Vicente Rodríguez

May 17, 2021

BlazeFace in iOS using TensorFlow Lite

In this post we will create an iOS app to detect faces using a deep learning model that we trained from scratch here.

With the help of TensorFlowLite we can load and run models trained using TensorFlow on mobile devices. In the case of an iOS app, we also need to handle the camera of the device to get the frames, give these frames to the model and print the results on the screen, in this case, draw the boxes of the detected faces.

In order to build the interface, we will use SwiftUI which is a brand new way to create interfaces for apps using code instead of a visual template. Thus, the implementation of the app could not be the most correct way to create an app like this since the library is basically new.

Is recommendable to have a little bit of experience developing iOS apps since we are not going to see each step.

In this repository you can find all the code along with the TFLite model.
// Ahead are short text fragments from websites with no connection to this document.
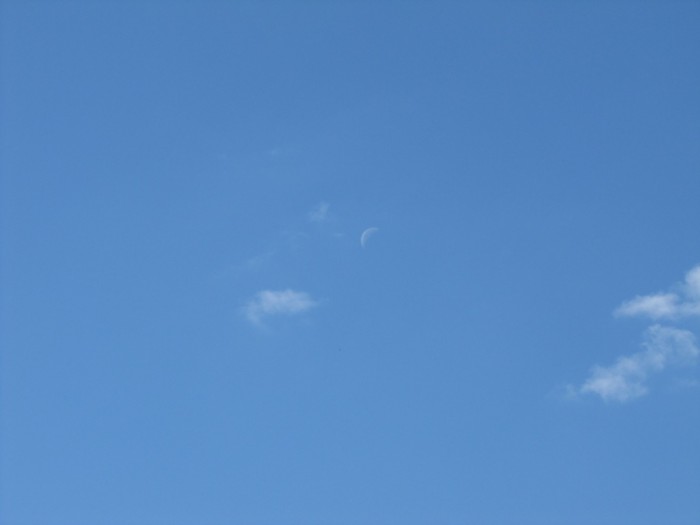 вересень 2012 005.jpg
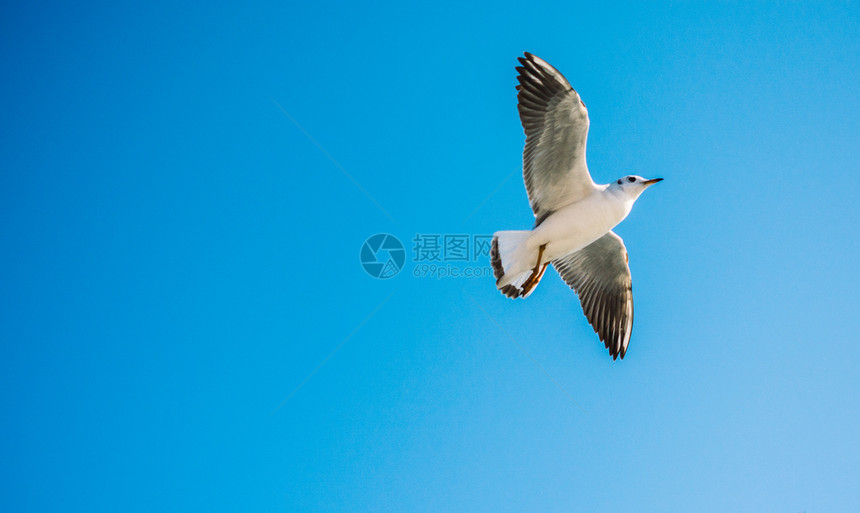 蓝天空背景的单海鸥飞行图片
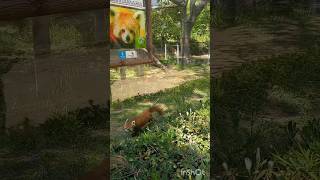 funny animals #animals #shortvideo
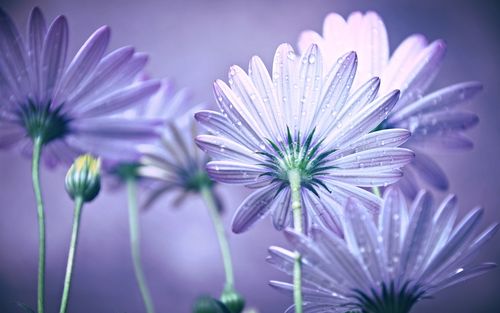 紫色瓣花,露水 壁纸 - 1440x900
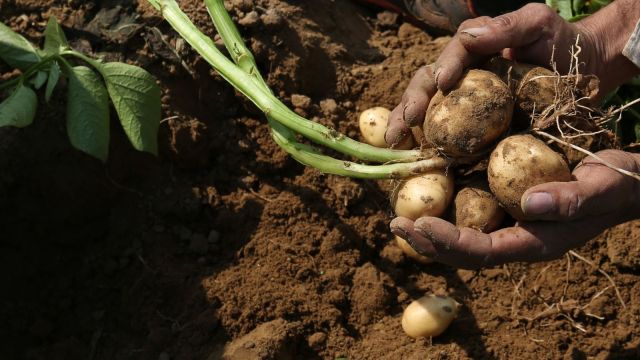 punjab's potato farmers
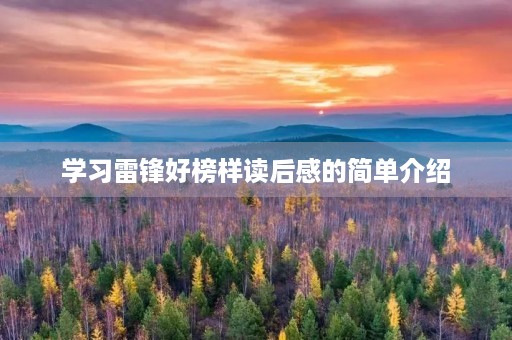 学习雷锋好榜样读后感的简单介绍 学习雷锋好榜样读后感的简单介绍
If you have xcode installed you can open the FaceRecognitionAppTF.xcodeproj file to view the whole project, you also need an iPad or iPhone to test and install the app since the simulator does not have access to a camera.

TF to TFLite

To convert the TensorFlow model to TFLite we can use the following code:


model.save('saved_model/face_model_500')

converter = tf.lite.TFLiteConverter.from_saved_model('saved_model/face_model_500')



# if we want to add optimization

# converter.optimizations = [tf.lite.Optimize.OPTIMIZE_FOR_SIZE]
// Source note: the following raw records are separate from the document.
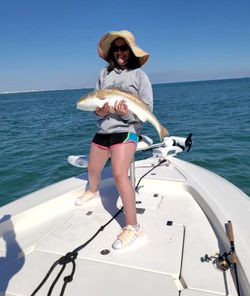 Redfish caught on fishing boat in Gulf Shores AL waters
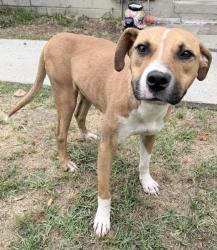 Found/Stray Female Dog last seen Walmar Dr Macon GA, Macon, GA 31206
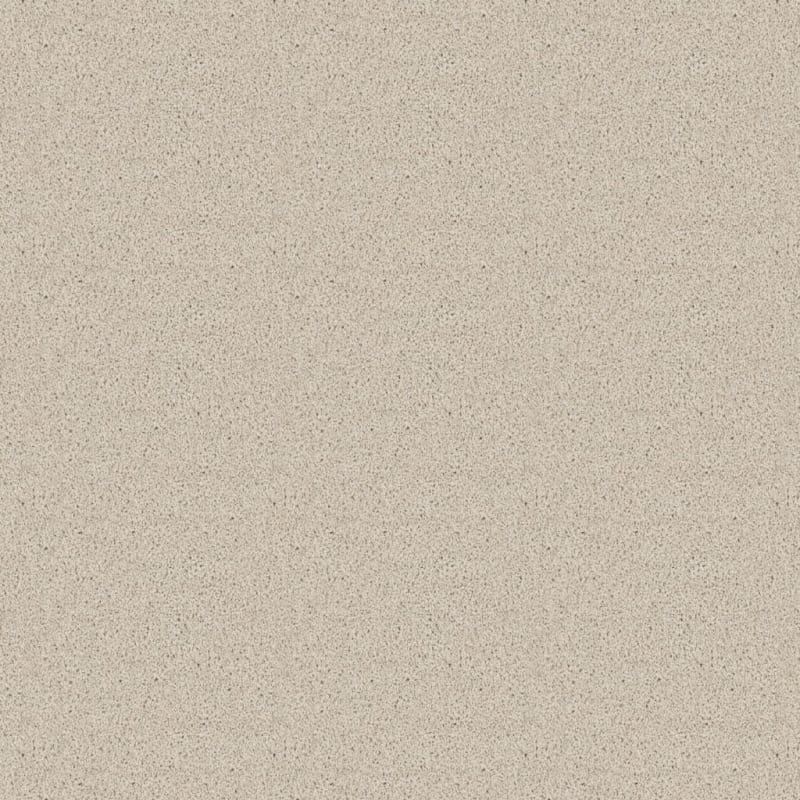 Dx836 carpet by Dixie Home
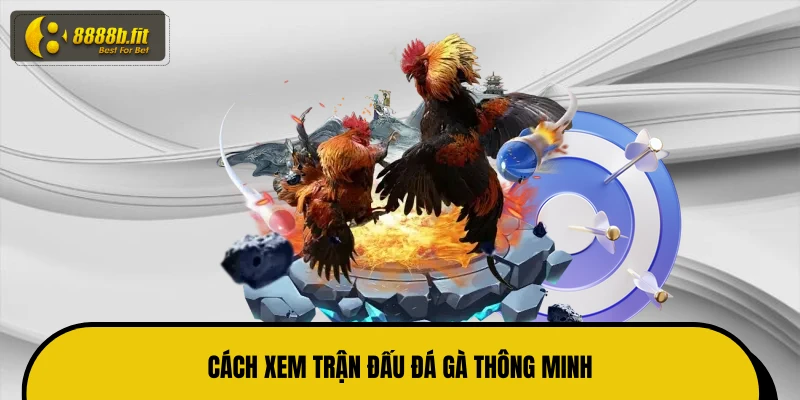 Cách xem trận đấu đá gà thông minh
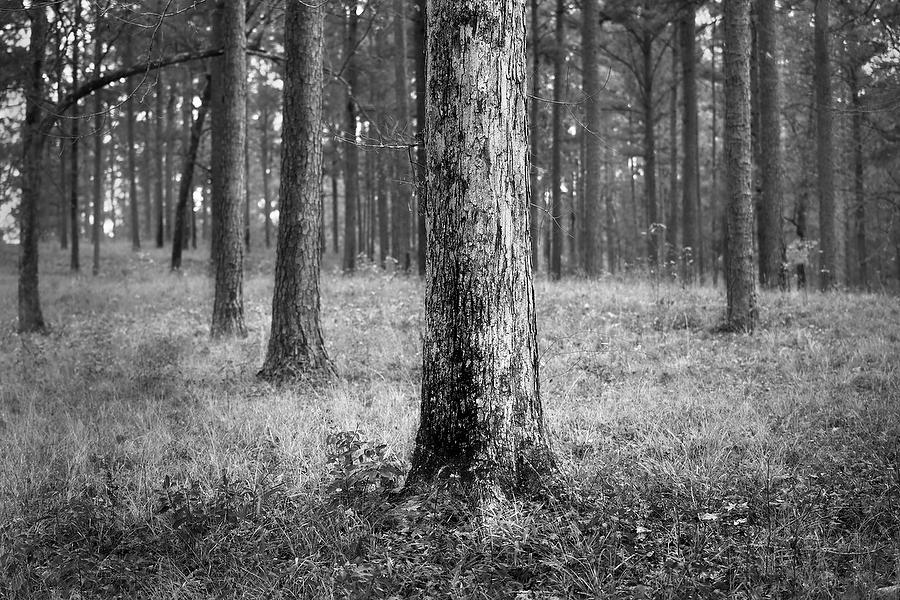 Alabama Camp White Oak 
112819-22BW : Black and White : Will Dickey Florida Fine Art Nature and Wildlife Photography - Images of Florida's First Coast - Nature and Landscape Photographs of Jacksonville, St. Augustine, Florida nature preserves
tflite_model = converter.convert()



with open('face_500.tflite', 'wb') as f:

  f.write(tflite_model)

In the Jupiter notebook from the python version of the work you can also find code to test the TFLite model. This is useful when we add optimizations to the TFLite model and we want to observe how it performs.

Interface

The first step to develop this app is to build the user interface, this interface is quite simple since we only need to show the camera preview on the screen.


struct CameraPreview: UIViewRepresentable {

    @ObservedObject var camera: CameraModel



    func makeUIView(context: Context) -> UIView {

        let view = UIView(frame: UIScreen.main.bounds)
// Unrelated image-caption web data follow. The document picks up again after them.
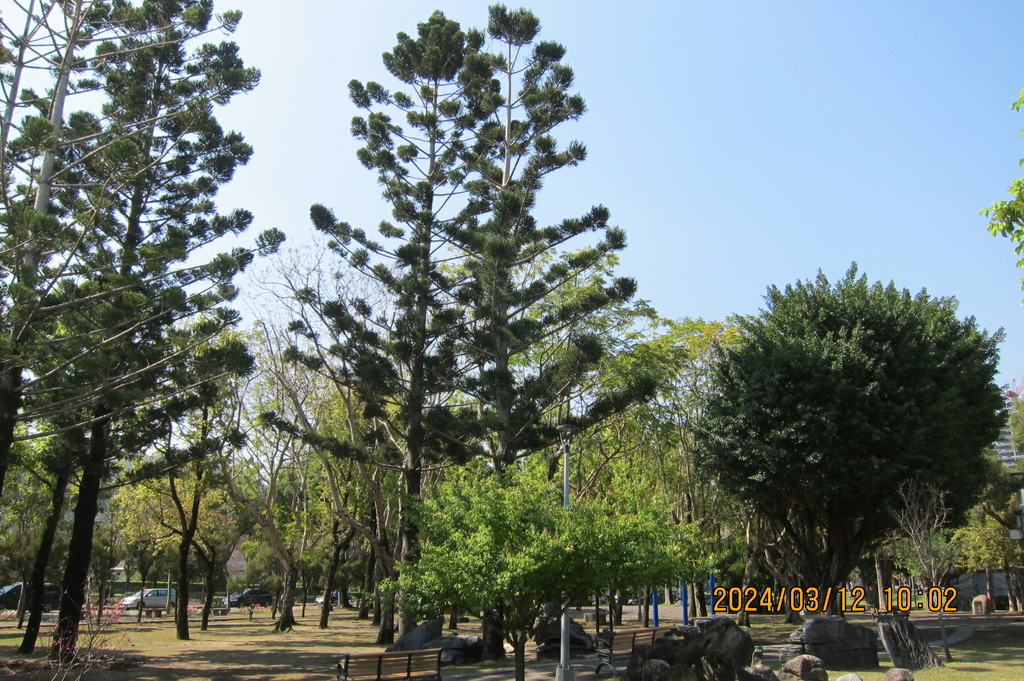 台北士林福林公園-軟腳蝦健行隊陽明山一日遊(一)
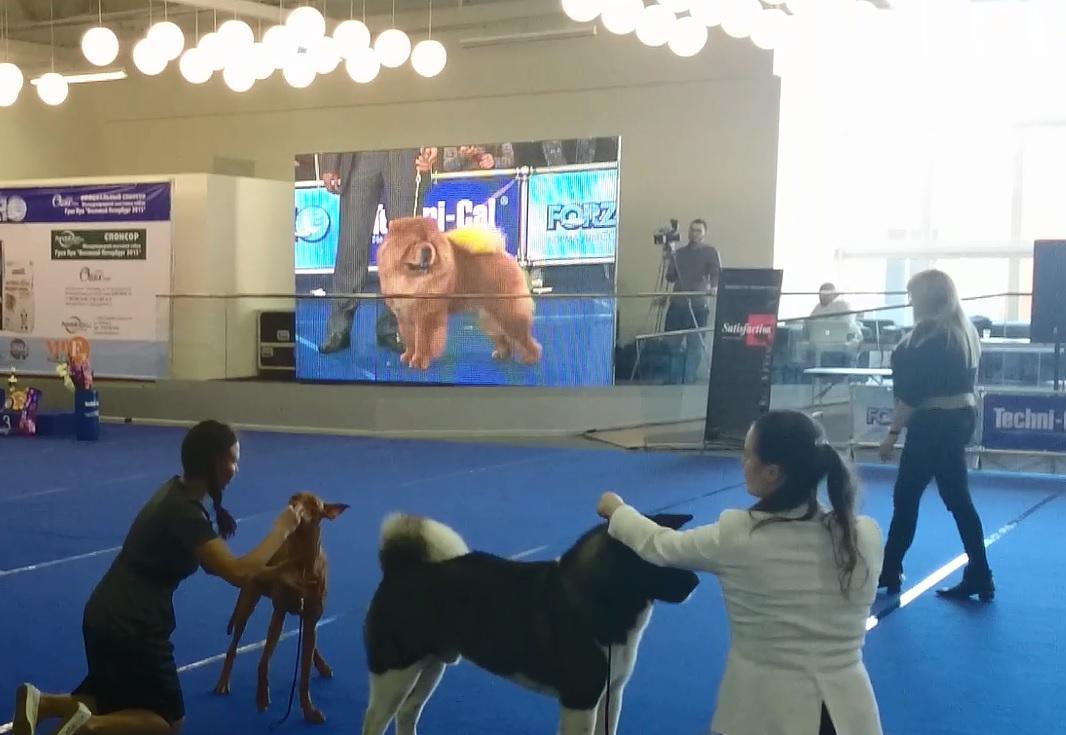 Сеня - 2,5 года - Санкт-Петербург - 02.05.2015г. - отл.1, CW, САС, ЛК, CACIB, ЛПП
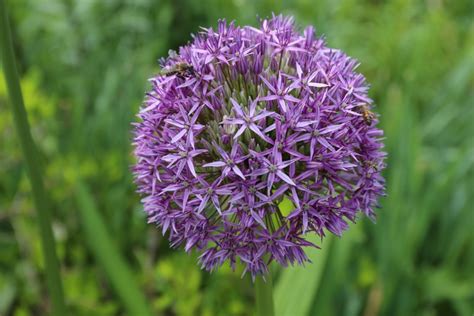 If you want to get rid of bees naturally, the best way would be to make your own bee repellent spray. Best Garden Flowers to Attract Bees - Longfield Gardens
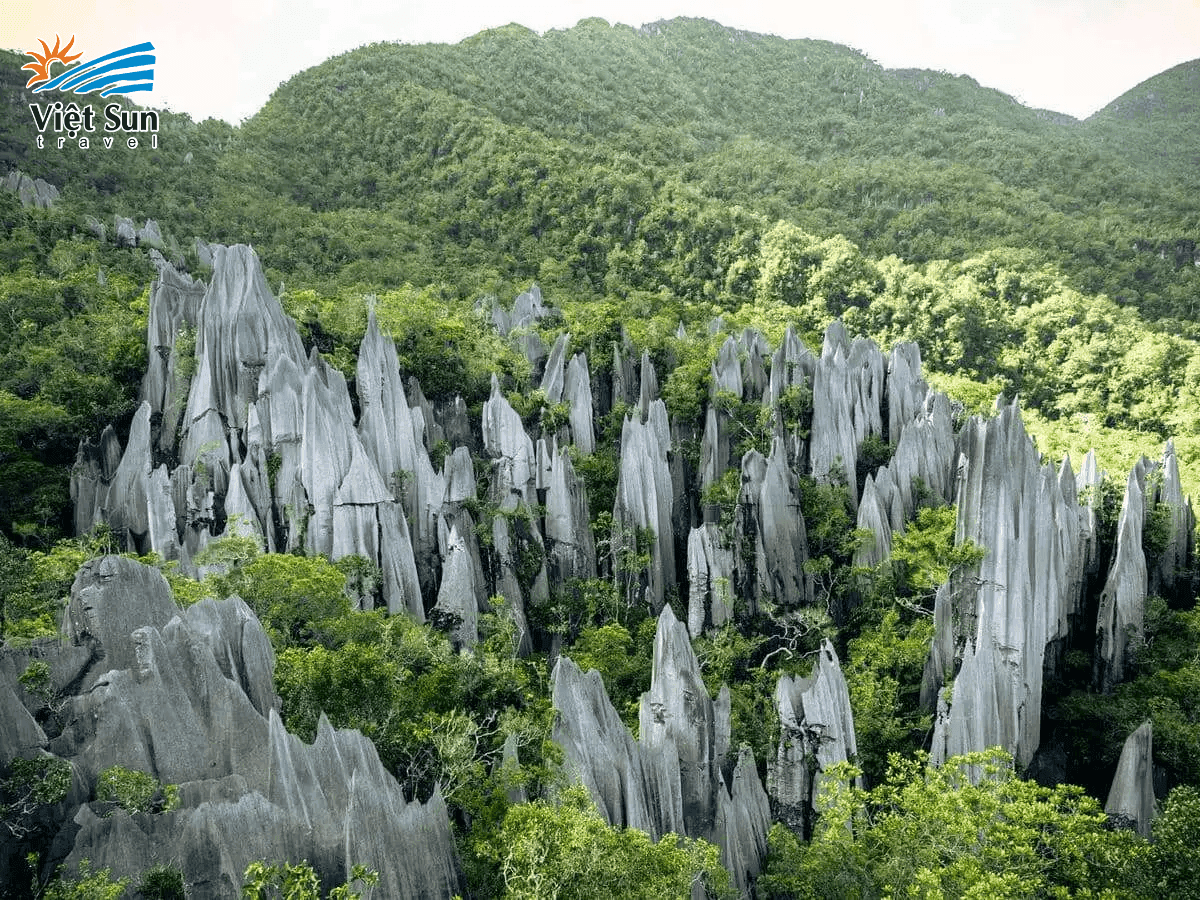 Công viên quốc gia Gunung Mulu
        camera.preview = AVCaptureVideoPreviewLayer(session: camera.session)

        camera.preview.frame = view.frame

        camera.preview.videoGravity = .resizeAspectFill

        view.layer.addSublayer(camera.preview)



        camera.session.startRunning()



        camera.maxWidth = camera.preview.bounds.size.width



        return view

    }



    func updateUIView(_ uiView: UIView, context: Context) {

    }

}

The CameraPreview struct is used to build an UIView that works with the SwiftUI library, we use the AVCaptureVideoPreviewLayer function to get a preview view from the camera view, here we have some relevant lines of code, the first line:


camera.preview.videoGravity = .resizeAspectFill

Tells the preview how it should appear, we have to remember that the cameras often have a resolution of 1920x1080 or 4k and an aspect ratio of 16:9 but the screen resolution of each device is quite different and also the aspect ratio, due to this difference, some parts of the camera do not appear on the screen but if we take the image that the camera perceives we will view more content. We will take this into account in the future to correctly draw the boxes on the screen.

We can also use .resizeAspect so we are able to see the whole frame that the camera perceives but the view on the screen will present black lines if it doesn't fit completely.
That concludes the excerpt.